**Source material:**
↓
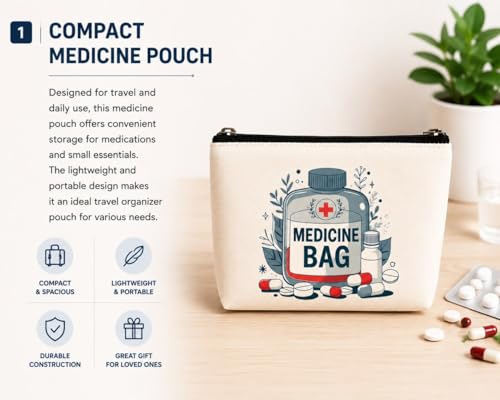 Image of DRUDRAYA Canvas Medicine Pouch | Printed Medicine Storage Bag (Pack of 1) | Portable & Spacious Emergency Kit Organizer Zipper Pouch | Perfect for Hiking, Travel, Camping, Home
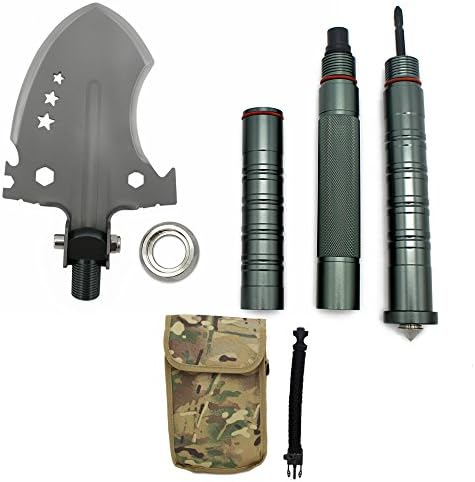 Tactical Folding Compact Shovel for Multipurpose Use with Several Functions for Hiking, Camping, and Survival - Bundled with Chord Bracelet Flint Starter
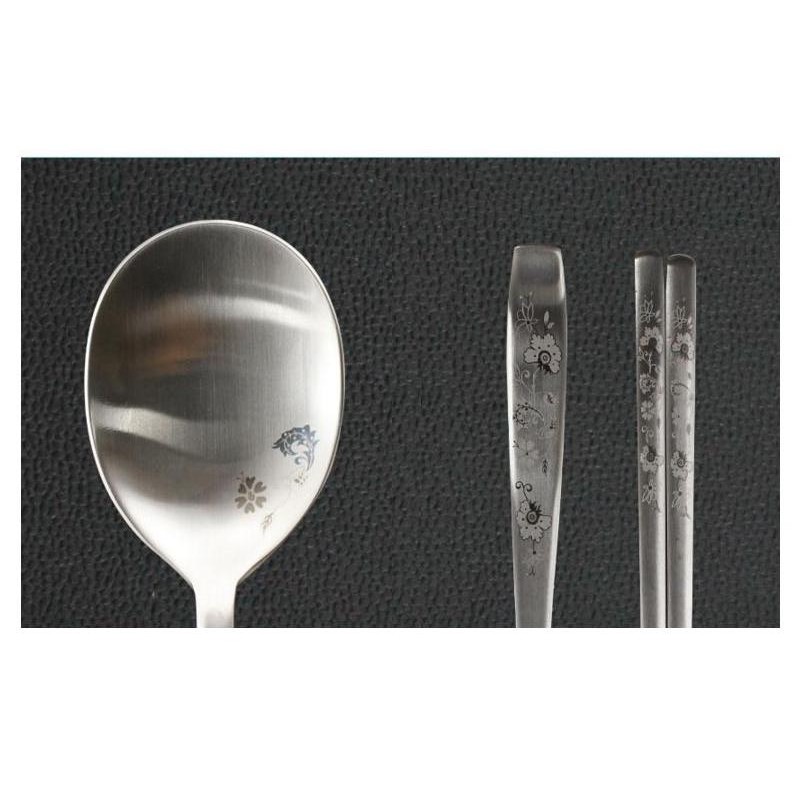 韓國原裝錦鏽銀花18-10不銹鋼實心扁筷勺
↑
**Problem requirements:** Give the listing above again word for word, without its pictures.

**Task result:**
 Image of DRUDRAYA Canvas Medicine Pouch | Printed Medicine Storage Bag (Pack of 1) | Portable & Spacious Emergency Kit Organizer Zipper Pouch | Perfect for Hiking, Travel, Camping, Home
 Tactical Folding Compact Shovel for Multipurpose Use with Several Functions for Hiking, Camping, and Survival - Bundled with Chord Bracelet Flint Starter
 韓國原裝錦鏽銀花18-10不銹鋼實心扁筷勺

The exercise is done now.